= Schéma directeur d'aménagement et de gestion des eaux =

In France, the schéma directeur d'aménagement et de gestion des eaux (SDAGE) is a document that aims to put into effect the principles of the law of 3 January 1992 on the level of the major hydrographic basins. In translation, its name is outline for the organization of the development and management of water resources.

== Rationale ==
Water is a part of the nation's common heritage. Its protection, exploitation and setting into a usable state while respecting natural balances, is of general interest.

The use of water belongs to all, within the framework of laws and regulations as well as of rights already established.

==The law==
The main subjects addressed by the SDAGE are written into the law:
- preservation of aquatic ecosystems, their sites and wetlands,
- protection against any pollution and restoration of the quality of the water,
- development and protection of the resource as drinking water
- exploitation of water as an economic resource and sharing that resource.

The SDAGE scheme was drawn up together by the national, regional and département governments and is managed by the agence de l'eau (water agency).

==How it works==
The SDAGE serves as a general framework for the development and management of the water of each hydrographic unit, system or aquifer). These are the schémas d'aménagement et de gestion des eaux (SAGE), that is water resource development and management outlines.
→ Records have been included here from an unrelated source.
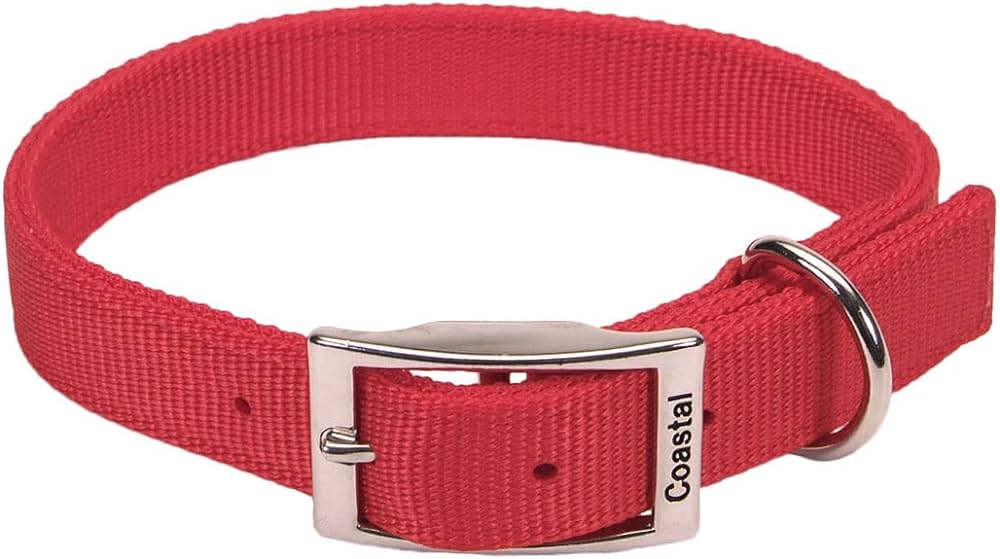 Coastal 20” Collar Red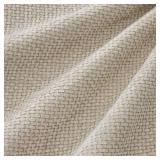 MIULEE Pack of 4 Couch Throw Pillow Covers 20x20 Inch Cream Soft Decorative Chenille Pillow Covers Farmhouse Accent Cushion Covers for Boho Home Decor Sofa Bedroom Living Room - Retail: $40
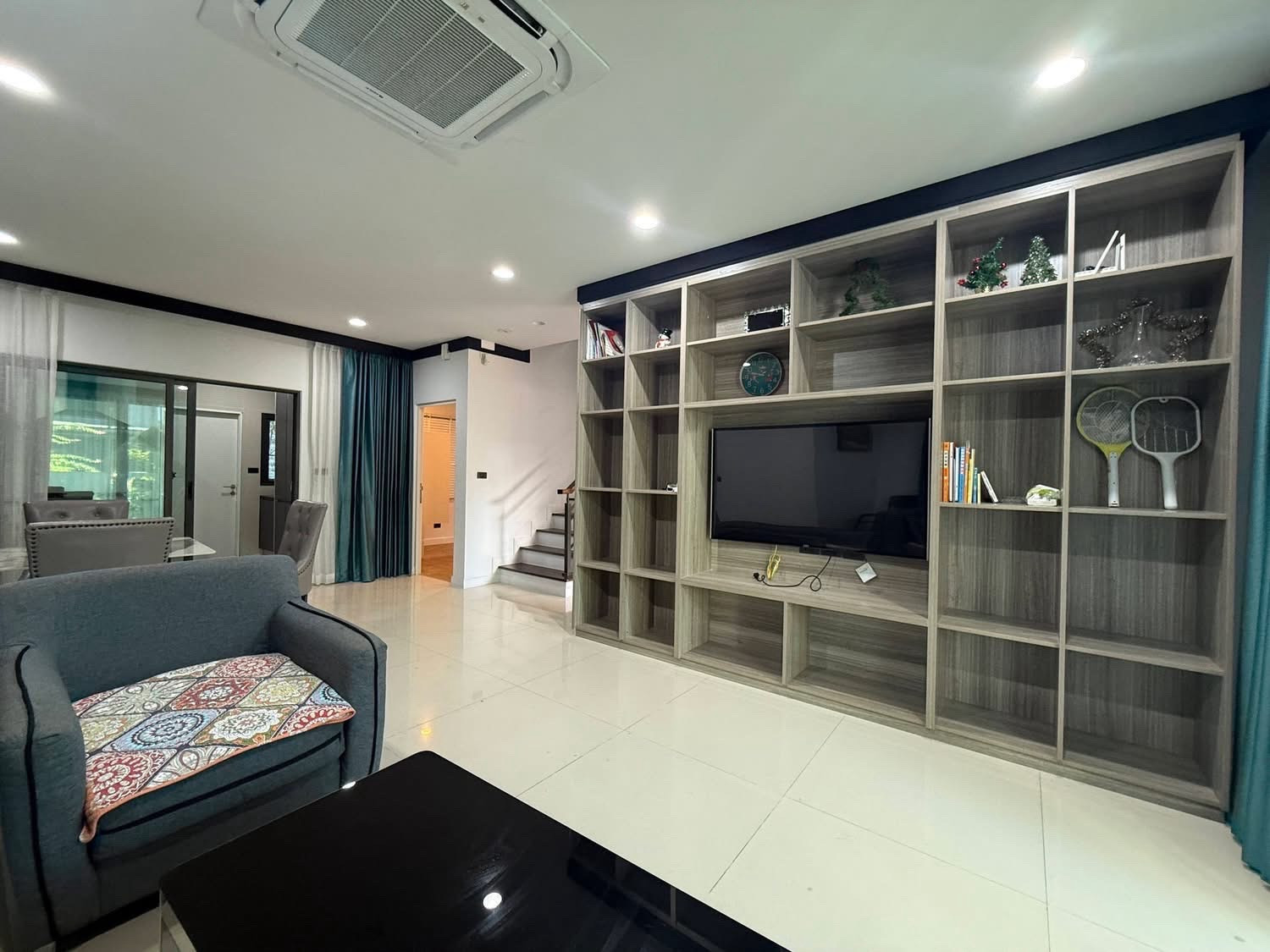 บ้านเดี่ยว เศรษฐสิริ กรุงเทพกรีฑา 2 (นายหน้าบ้านมืออาชีพ)💎💎 – รูปที่ 4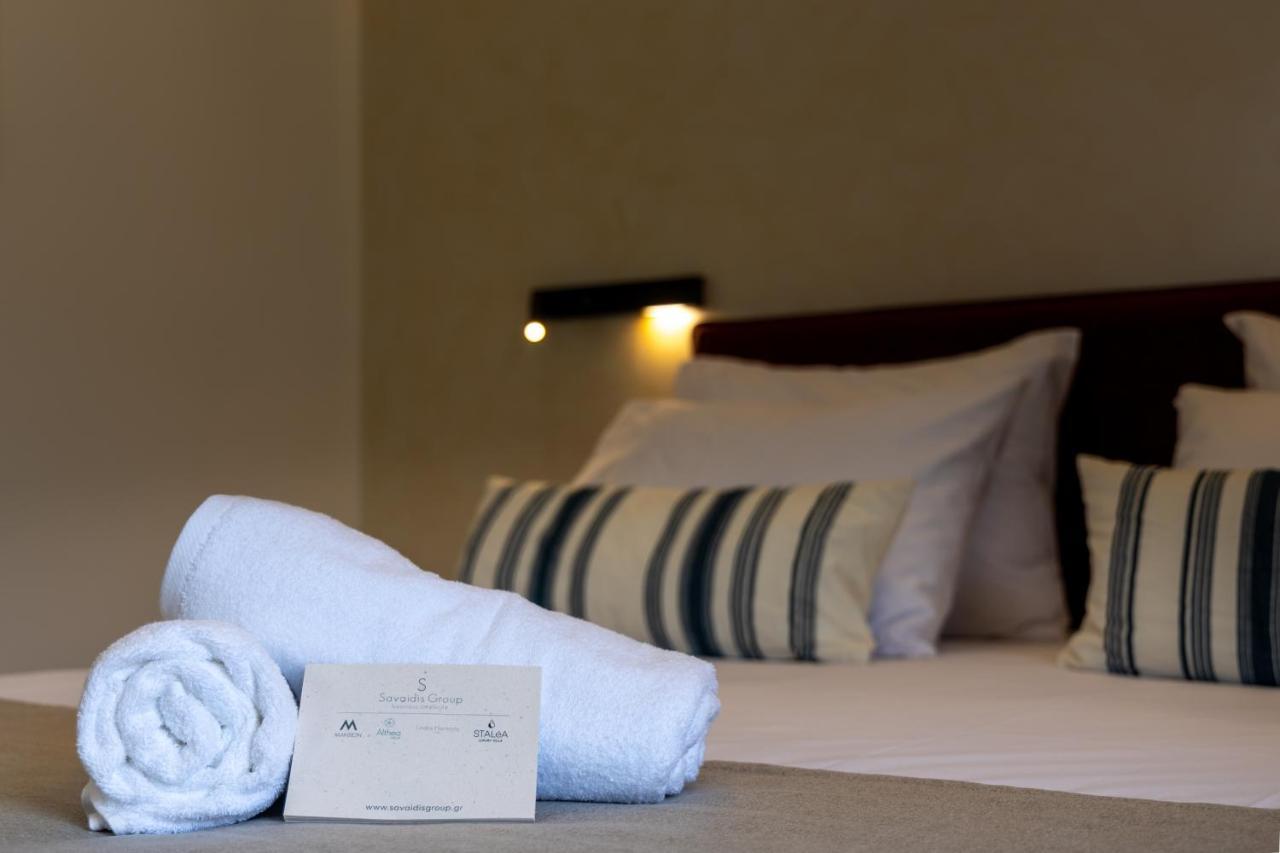 Stalea Luxury Villa Πεύκος Εξωτερικό φωτογραφία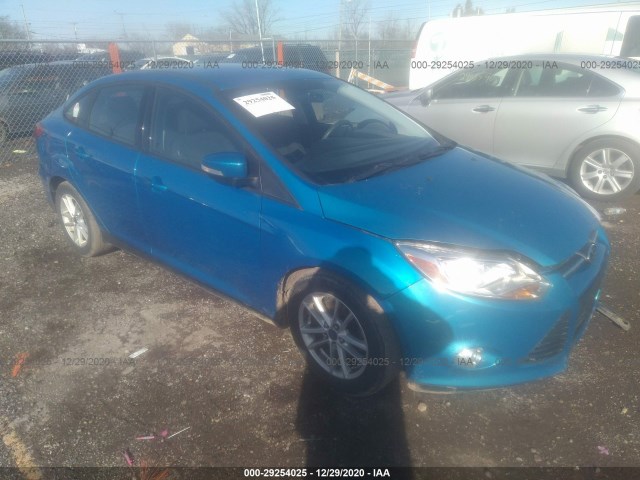 FORD FOCUS 2015 1fadp3f29fl216238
The aquifer and the hydro-electric and recreational uses of water in the Ain valley compose a clear example of a site where a coordinated approach could be productive. However, the schéma is flexible enough to include specific needs as for example, that of Artois-Picardy, which is concerned specifically with the former mining basin of the Nord and Pas-de-Calais départements and the consequences of past and current exploitation of the région's coal.